PROVIDED RECORDS>
┏━━

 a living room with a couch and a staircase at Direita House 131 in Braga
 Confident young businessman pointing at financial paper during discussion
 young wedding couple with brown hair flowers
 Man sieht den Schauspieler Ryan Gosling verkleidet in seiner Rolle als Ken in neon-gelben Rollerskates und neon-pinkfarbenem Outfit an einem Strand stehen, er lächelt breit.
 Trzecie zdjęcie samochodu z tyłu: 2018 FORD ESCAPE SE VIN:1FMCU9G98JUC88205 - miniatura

┗━━
┏━━

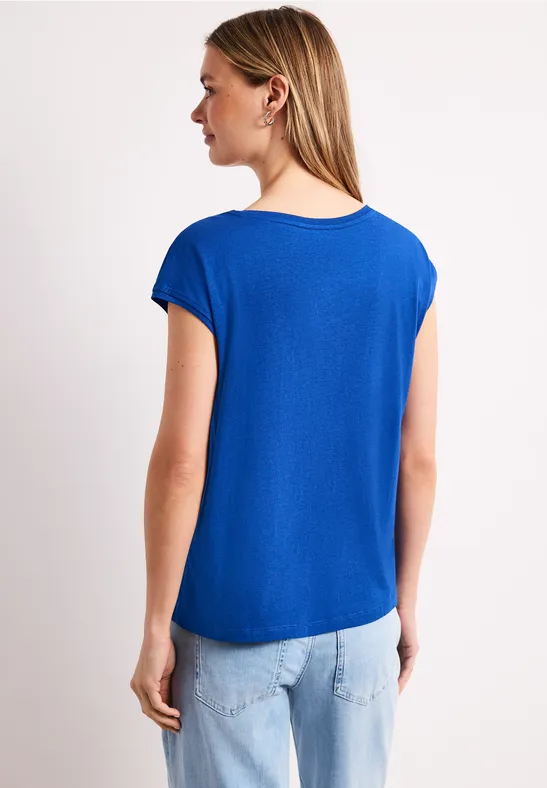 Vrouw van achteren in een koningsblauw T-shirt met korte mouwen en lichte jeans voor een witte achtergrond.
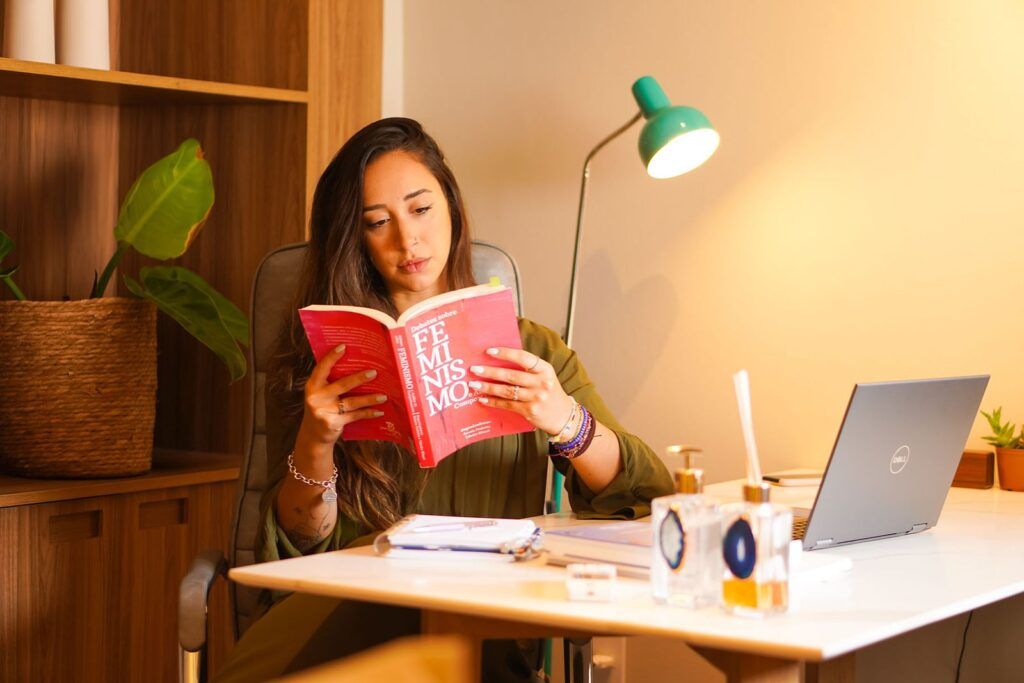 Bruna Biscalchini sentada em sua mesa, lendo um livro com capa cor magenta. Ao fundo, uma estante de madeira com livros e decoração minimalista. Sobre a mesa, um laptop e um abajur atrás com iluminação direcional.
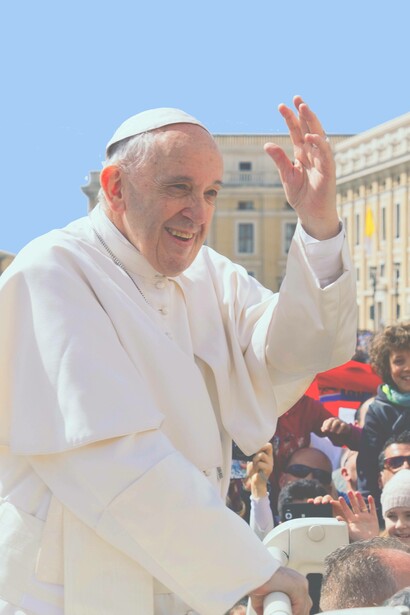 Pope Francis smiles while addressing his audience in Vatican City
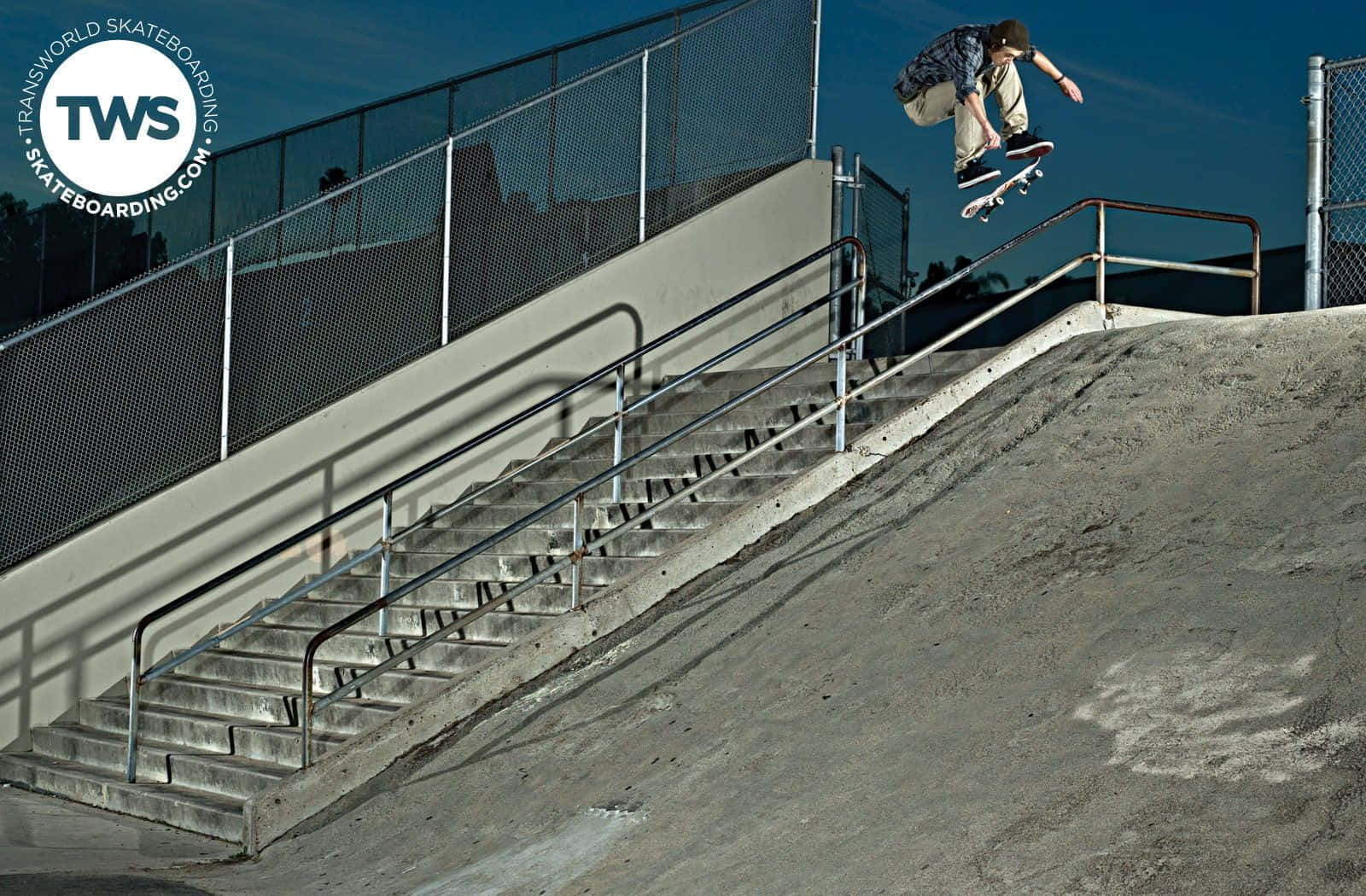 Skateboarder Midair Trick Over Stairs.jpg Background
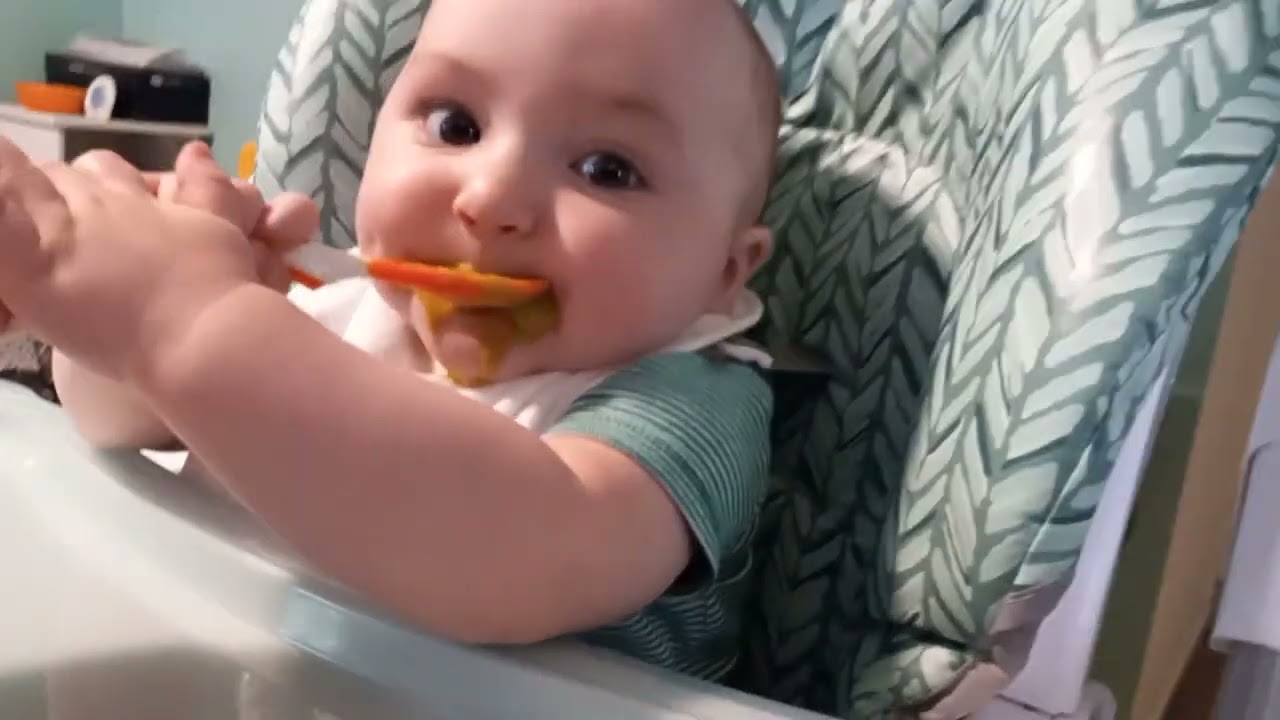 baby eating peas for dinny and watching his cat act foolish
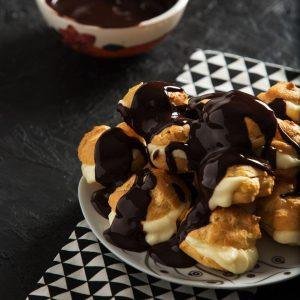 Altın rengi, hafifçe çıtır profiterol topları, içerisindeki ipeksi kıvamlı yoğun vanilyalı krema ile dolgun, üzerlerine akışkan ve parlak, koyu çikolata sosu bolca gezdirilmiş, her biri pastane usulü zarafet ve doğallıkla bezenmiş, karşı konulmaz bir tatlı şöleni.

┗━━
┏━━

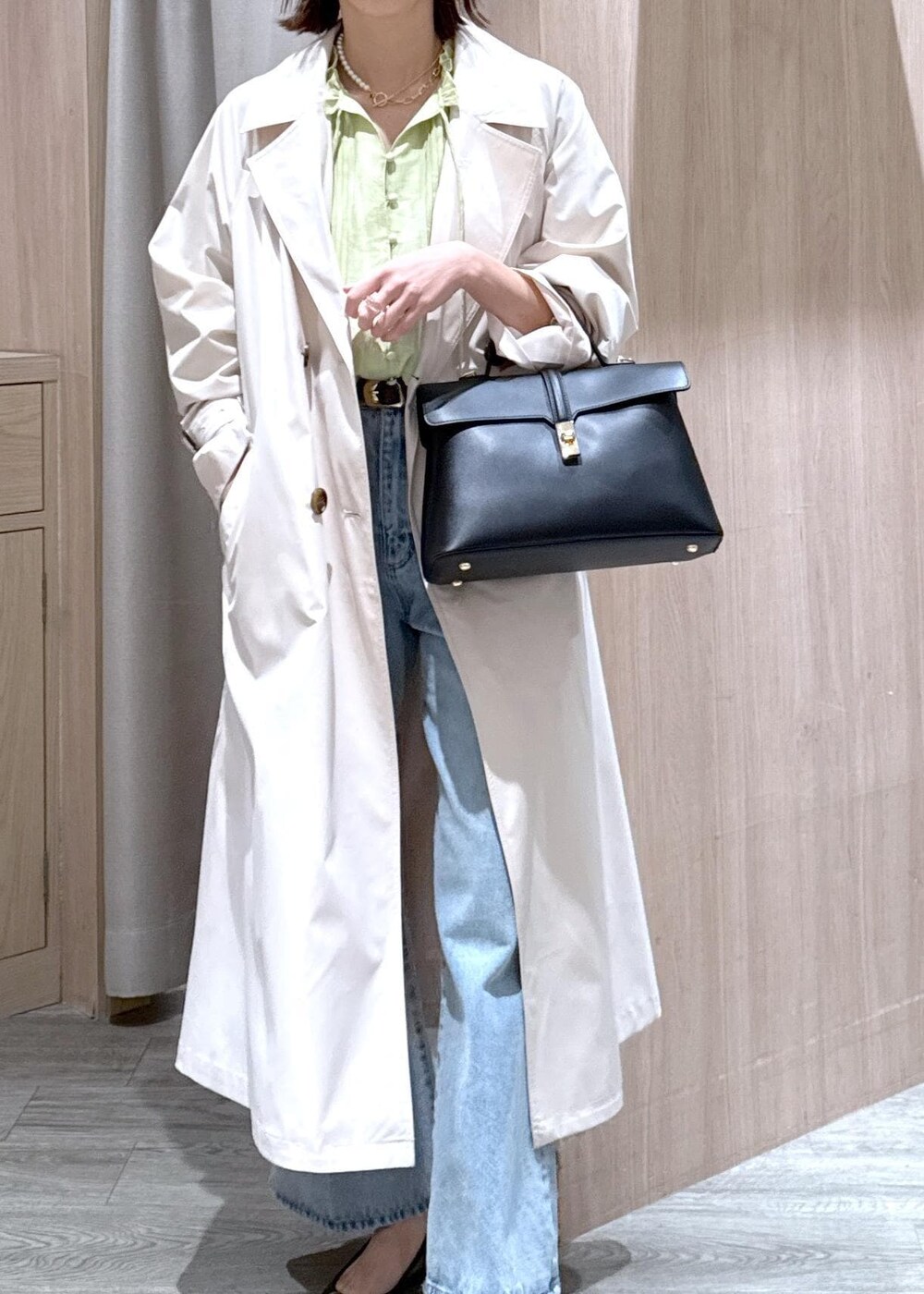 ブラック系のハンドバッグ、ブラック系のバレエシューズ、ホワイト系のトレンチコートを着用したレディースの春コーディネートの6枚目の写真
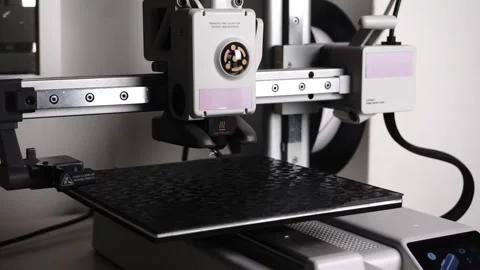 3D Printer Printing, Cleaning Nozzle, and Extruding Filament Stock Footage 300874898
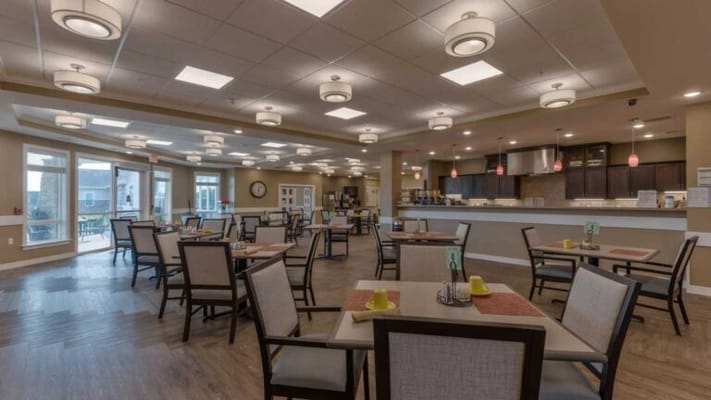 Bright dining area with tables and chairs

┗━━

WORK REQUIRED>
Although the records above contain pictures, the copy must not; set down exactly the lines from the one with "Skateboarder Midair Trick" up to and including the one with "Altın rengi, hafifçe".

FINISHED EXERCISE>
 Skateboarder Midair Trick Over Stairs.jpg Background
 baby eating peas for dinny and watching his cat act foolish
 Altın rengi, hafifçe çıtır profiterol topları, içerisindeki ipeksi kıvamlı yoğun vanilyalı krema ile dolgun, üzerlerine akışkan ve parlak, koyu çikolata sosu bolca gezdirilmiş, her biri pastane usulü zarafet ve doğallıkla bezenmiş, karşı konulmaz bir tatlı şöleni.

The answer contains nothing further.